__Problem requirements__
Your reply should contain every record, restated word for word.

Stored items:
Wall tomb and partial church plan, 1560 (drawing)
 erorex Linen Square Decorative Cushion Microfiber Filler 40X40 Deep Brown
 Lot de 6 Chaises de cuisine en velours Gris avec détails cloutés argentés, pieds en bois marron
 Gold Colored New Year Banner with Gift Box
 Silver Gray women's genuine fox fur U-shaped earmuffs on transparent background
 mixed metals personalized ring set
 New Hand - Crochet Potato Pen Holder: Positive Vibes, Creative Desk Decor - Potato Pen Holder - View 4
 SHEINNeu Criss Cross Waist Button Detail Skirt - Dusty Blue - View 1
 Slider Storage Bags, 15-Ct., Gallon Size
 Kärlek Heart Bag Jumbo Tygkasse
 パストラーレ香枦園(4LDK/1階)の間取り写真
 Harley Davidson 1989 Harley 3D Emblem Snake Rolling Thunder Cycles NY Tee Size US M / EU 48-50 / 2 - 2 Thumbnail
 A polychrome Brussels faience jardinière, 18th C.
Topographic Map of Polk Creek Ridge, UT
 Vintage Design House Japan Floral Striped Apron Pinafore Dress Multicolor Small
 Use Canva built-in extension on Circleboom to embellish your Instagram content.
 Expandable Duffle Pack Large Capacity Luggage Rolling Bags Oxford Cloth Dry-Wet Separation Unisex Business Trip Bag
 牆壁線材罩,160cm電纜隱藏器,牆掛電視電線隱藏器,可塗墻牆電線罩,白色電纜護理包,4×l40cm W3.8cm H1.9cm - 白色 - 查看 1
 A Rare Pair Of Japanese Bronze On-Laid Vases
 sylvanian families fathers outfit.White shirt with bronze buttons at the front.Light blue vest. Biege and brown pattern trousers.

__Result of this task__
Wall tomb and partial church plan, 1560 (drawing)
 erorex Linen Square Decorative Cushion Microfiber Filler 40X40 Deep Brown
 Lot de 6 Chaises de cuisine en velours Gris avec détails cloutés argentés, pieds en bois marron
 Gold Colored New Year Banner with Gift Box
 Silver Gray women's genuine fox fur U-shaped earmuffs on transparent background
 mixed metals personalized ring set
 New Hand - Crochet Potato Pen Holder: Positive Vibes, Creative Desk Decor - Potato Pen Holder - View 4
 SHEINNeu Criss Cross Waist Button Detail Skirt - Dusty Blue - View 1
 Slider Storage Bags, 15-Ct., Gallon Size
 Kärlek Heart Bag Jumbo Tygkasse
 パストラーレ香枦園(4LDK/1階)の間取り写真
 Harley Davidson 1989 Harley 3D Emblem Snake Rolling Thunder Cycles NY Tee Size US M / EU 48-50 / 2 - 2 Thumbnail
 A polychrome Brussels faience jardinière, 18th C.
Topographic Map of Polk Creek Ridge, UT
 Vintage Design House Japan Floral Striped Apron Pinafore Dress Multicolor Small
 Use Canva built-in extension on Circleboom to embellish your Instagram content.
 Expandable Duffle Pack Large Capacity Luggage Rolling Bags Oxford Cloth Dry-Wet Separation Unisex Business Trip Bag
 牆壁線材罩,160cm電纜隱藏器,牆掛電視電線隱藏器,可塗墻牆電線罩,白色電纜護理包,4×l40cm W3.8cm H1.9cm - 白色 - 查看 1
 A Rare Pair Of Japanese Bronze On-Laid Vases
 sylvanian families fathers outfit.White shirt with bronze buttons at the front.Light blue vest. Biege and brown pattern trousers.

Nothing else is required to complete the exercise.